The biggest overhead is the time spent starting and stopping the threads. If I reduce the size of the array to 10 from 10000 it takes about the same amount of time.
If you keep the thread pool, and divide the work for each thread to write to a local data set, it is 4x faster on my machine with 6 cores.
import java.util.ArrayList; import java.util.List; import java.util.concurrent.*; public class ParallelImplementationOptimised { static final int numberOfThreads = Runtime.getRuntime().availableProcessors(); final ExecutorService exec = Executors.newFixedThreadPool(numberOfThreads); private int numberOfCells; public ParallelImplementationOptimised(int numberOfCells) { this.numberOfCells = numberOfCells; } public void update() throws ExecutionException, InterruptedException { List<Future<?>> futures = new ArrayList<>(); for(int thread = 0; thread < numberOfThreads; thread++) { final int threadId = thread; futures.add(exec.submit(new Runnable() { @Override public void run() { int num = numberOfCells / numberOfThreads; double[] h0 = new double[num], h1 = new double[num], h2 = new double[num], h3 = new double[num], h4 = new double[num], h5 = new double[num], h6 = new double[num], h7 = new double[num], h8 = new double[num], h9 = new double[num]; for (int i = 0; i < num; i++) { h0[i] = h0[i] + 1; h1[i] = h1[i] + 1; h2[i] = h2[i] + 1; h3[i] = h3[i] + 1; h4[i] = h4[i] + 1; h5[i] = h5[i] + 1; h6[i] = h6[i] + 1; h7[i] = h7[i] + 1; h8[i] = h8[i] + 1; h9[i] = h9[i] + 1; } } })); } for (Future<?> future : futures) { future.get(); } } public static void main(String[] args) throws ExecutionException, InterruptedException { ParallelImplementationOptimised si = new ParallelImplementationOptimised(10); long start = System.currentTimeMillis(); for (int i = 0; i < 10000; i++) { if(i % 1000 == 0) { System.out.println(i); } si.update(); } long stop = System.currentTimeMillis(); System.out.println("Time: " + (stop - start)); si.exec.shutdown(); } }
SequentialImplementation 3.3 sec. ParallelImplementationOptimised 0.8 sec.

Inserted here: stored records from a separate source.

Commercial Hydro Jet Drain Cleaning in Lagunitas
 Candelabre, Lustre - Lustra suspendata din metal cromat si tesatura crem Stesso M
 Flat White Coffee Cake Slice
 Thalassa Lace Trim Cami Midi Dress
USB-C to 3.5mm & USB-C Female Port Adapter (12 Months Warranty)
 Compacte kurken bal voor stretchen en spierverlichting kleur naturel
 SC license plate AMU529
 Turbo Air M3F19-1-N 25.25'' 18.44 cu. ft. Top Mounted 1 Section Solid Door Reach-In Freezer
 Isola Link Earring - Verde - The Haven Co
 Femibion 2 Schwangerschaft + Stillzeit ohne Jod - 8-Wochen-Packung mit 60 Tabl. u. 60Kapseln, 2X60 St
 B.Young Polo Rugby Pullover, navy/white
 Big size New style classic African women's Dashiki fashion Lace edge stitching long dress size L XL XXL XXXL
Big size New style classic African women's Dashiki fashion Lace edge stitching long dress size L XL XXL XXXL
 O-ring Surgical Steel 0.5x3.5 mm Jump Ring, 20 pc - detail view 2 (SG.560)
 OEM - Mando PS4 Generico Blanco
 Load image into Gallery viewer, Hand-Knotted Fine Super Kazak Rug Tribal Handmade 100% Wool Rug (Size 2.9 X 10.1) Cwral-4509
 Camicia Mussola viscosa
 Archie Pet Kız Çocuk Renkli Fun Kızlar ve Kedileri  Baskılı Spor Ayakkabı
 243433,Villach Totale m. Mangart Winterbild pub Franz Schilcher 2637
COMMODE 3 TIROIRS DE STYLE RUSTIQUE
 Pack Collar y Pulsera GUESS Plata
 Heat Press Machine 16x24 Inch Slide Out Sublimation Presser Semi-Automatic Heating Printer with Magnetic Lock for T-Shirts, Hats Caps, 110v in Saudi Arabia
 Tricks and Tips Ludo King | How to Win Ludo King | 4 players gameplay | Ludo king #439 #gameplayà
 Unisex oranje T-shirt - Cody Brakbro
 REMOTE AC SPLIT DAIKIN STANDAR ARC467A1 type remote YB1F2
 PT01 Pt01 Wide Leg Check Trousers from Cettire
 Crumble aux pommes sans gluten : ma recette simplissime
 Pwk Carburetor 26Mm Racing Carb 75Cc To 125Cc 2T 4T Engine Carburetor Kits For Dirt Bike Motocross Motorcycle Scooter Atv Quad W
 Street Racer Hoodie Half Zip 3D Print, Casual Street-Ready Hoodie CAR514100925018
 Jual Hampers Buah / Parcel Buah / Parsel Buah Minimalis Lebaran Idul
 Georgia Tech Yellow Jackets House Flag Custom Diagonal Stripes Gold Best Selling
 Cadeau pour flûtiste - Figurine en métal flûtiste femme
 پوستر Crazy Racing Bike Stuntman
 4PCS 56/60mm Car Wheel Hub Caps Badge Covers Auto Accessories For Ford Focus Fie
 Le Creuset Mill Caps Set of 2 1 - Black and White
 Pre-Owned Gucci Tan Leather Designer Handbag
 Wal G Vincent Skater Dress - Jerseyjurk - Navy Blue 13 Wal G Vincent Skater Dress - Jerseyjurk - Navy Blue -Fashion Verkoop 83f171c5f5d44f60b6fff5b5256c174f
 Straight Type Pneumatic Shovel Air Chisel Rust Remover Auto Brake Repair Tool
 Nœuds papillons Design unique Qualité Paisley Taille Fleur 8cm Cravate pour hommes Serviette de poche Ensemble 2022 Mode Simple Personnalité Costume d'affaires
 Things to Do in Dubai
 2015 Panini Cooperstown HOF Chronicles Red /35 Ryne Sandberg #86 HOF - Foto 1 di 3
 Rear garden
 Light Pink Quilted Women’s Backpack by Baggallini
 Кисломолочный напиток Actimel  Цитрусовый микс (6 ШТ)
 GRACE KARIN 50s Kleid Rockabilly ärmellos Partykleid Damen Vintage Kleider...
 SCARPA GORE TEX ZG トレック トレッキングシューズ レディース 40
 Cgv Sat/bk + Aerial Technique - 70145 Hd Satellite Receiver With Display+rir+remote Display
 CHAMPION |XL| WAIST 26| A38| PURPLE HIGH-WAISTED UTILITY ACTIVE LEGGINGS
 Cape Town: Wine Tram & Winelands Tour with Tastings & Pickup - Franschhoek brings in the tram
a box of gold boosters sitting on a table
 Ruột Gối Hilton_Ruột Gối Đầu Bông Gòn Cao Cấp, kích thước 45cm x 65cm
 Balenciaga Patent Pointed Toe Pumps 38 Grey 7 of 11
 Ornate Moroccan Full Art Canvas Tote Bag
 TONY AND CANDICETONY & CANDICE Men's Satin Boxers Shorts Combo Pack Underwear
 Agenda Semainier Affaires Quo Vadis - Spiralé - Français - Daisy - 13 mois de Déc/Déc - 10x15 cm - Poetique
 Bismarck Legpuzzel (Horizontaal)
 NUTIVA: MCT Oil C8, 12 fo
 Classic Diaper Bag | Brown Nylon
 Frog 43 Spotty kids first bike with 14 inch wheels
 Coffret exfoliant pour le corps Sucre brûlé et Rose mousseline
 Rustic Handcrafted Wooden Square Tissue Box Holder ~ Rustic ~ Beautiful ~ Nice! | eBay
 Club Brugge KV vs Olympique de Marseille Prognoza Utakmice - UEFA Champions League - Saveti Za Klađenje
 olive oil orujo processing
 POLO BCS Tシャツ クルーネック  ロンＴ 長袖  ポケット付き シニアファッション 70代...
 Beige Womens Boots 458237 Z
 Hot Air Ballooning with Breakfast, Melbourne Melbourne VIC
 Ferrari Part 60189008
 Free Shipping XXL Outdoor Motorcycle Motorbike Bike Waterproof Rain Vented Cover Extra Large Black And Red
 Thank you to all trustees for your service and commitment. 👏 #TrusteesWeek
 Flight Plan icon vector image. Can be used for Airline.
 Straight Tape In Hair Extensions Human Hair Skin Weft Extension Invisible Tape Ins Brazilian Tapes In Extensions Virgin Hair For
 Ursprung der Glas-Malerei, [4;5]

You appear to be writing to the same data on the same cache line. This means the data has to pass via an L3 cache miss which takes 20x longer than an access to L1 cache. I suggest you try completely separate data structures which are at least 128 bytes apart to be sure you are not touching the same cache line.
Note: even if you intended to complete overwrite a whole cache line, x64 CPUs will pull in the previous values of the cache line first.
Another question might be
Why isn't this 20x slower?
The CPU core which has grabbed the cache line might have two threads running with hyper threading (i.e. two threads can access the data locally), and that CPU might go around the loop a few times before it loses the cache line to another CPU core which is demanding it. This means the 20x penalty is not on every access or on every loop but often enough that you get a much slower result.